Researcher Q&A: Dr. Vashisht Yennu Nanda
3 December 2015 | Science
Vashisht Yennu Nanda, Ph.D., is an Assistant Professor in the Department of Melanoma Medical Oncology at MD Anderson Cancer Center. Dr. Yennu Nanda is the recipient of an MRA Young Investigator Award and shared a bit about his research for the blog.
How did you get interested in melanoma and your field of research?
It was during my postdoctoral fellowship period, when I found that melanomas were very sensitive to compounds that activate the p53 tumor suppressor by various mechanisms. I was also captivated by the many unknowns in the unique pigmentation-associated pathways that can promote the transformation of normal melanocytes into this aggressive cancer.
Explain your research and how it can make a difference for patients.
Over the past decade, treatment of melanoma patients with small-molecule inhibitors that exquisitely target specific oncogenic proteins in melanoma cells have produced groundbreaking responses in most of these patients. However, the responses are not long-lasting and most melanomas eventually become resistant to these inhibitors. Our research is aimed at figuring out the mechanisms of resistance, and most importantly, developing strategies to counteract them.
What is one thing about melanoma research that surprised you when you first started?

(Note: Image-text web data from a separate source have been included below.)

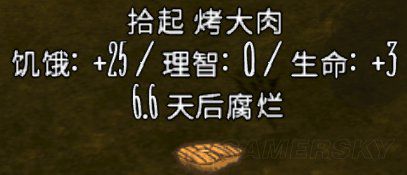 飢荒 (Don't Starve) 全食物屬性與保質期介紹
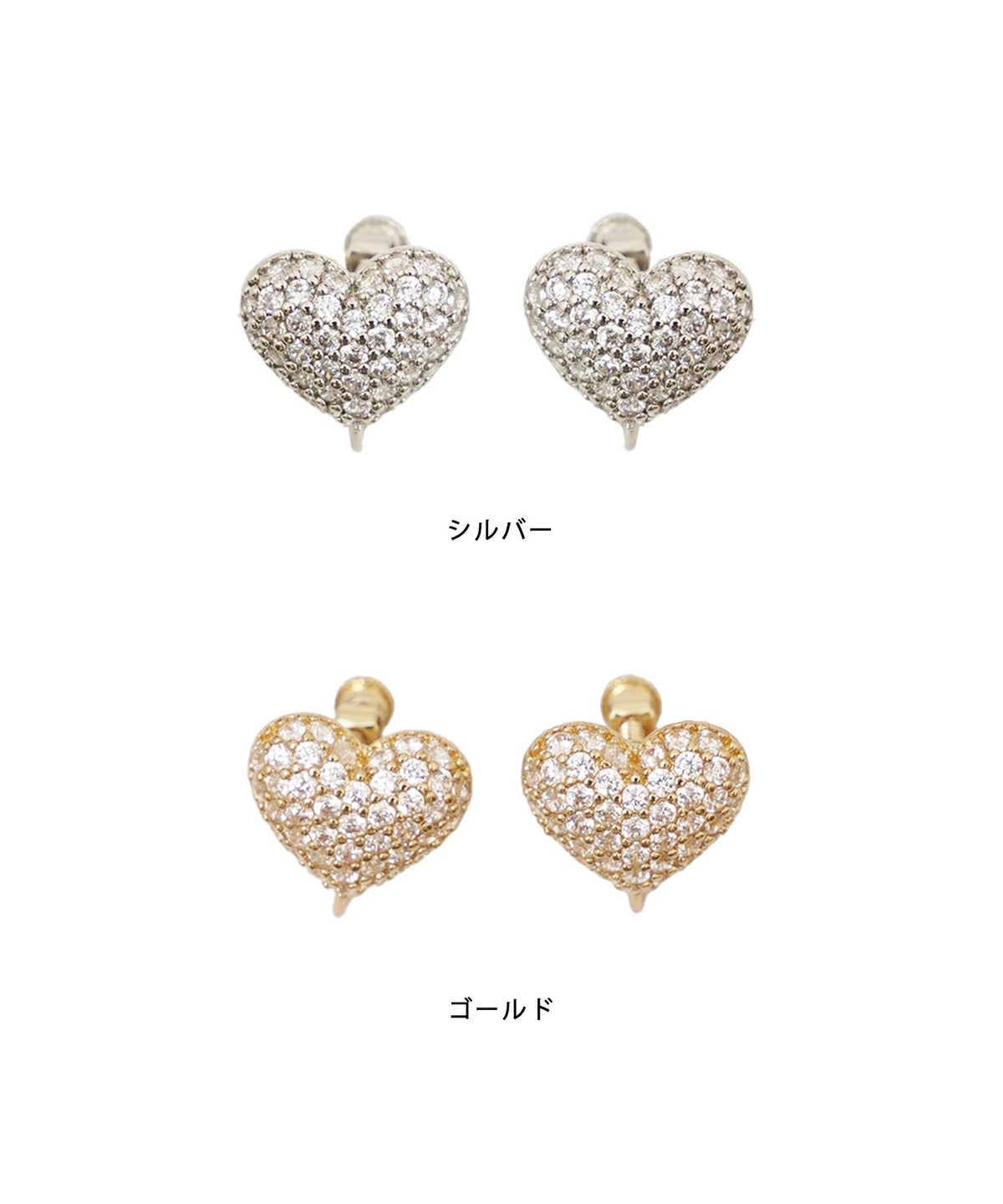 アクセサリー グッズ イヤリング ハート 可愛らしい きらきら 輝く シルバー ゴールド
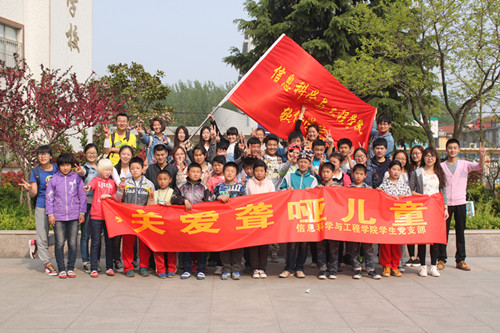 党校2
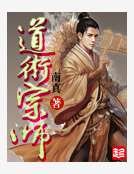 道术宗师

As a grad student and postdoctoral fellow, I worked with many types of cancers, including melanomas, and I was always surprised by the molecular distinctiveness of melanomas compared to all other cancers. Our recent cancer metabolism study results have reinforced this sentiment, as we have found that melanomas are also metabolically distinct compared to other cancers.
How has MRA funding helped your work?
Our research is at a critical juncture of molecularly identifying targeted therapy-resistant melanomas that would best respond to a novel mitochondrial inhibitor, IACS-10759, and systematically evaluating this response. My Young Investigator Award from MRA is supporting this endeavor, which has the potential to make a difference for melanoma patients in the near future.
What do you hope to see more of in the future of melanoma research?
Although giant strides have been made in targeted therapy and immunotherapy of melanoma, resistance is still an issue, and a large number of patients do not respond to immunotherapies. I think the field will benefit from a stronger emphasis on bold fundamental research to understand the molecular changes that occur inside melanocytes and in their immediate vicinity that force these cells to become melanomas in the first place.
Also needed is a strong emphasis on understanding molecular changes in melanomas and their microenvironment during the various stages of metastatic growth, therapeutic response and resistance. Development of novel humanized animal models and a greater patient involvement will be imperative to the success of such research.
What do you do when you’re not conducting research?
Spending time with family and swimming are the two primary activities outside of my research life.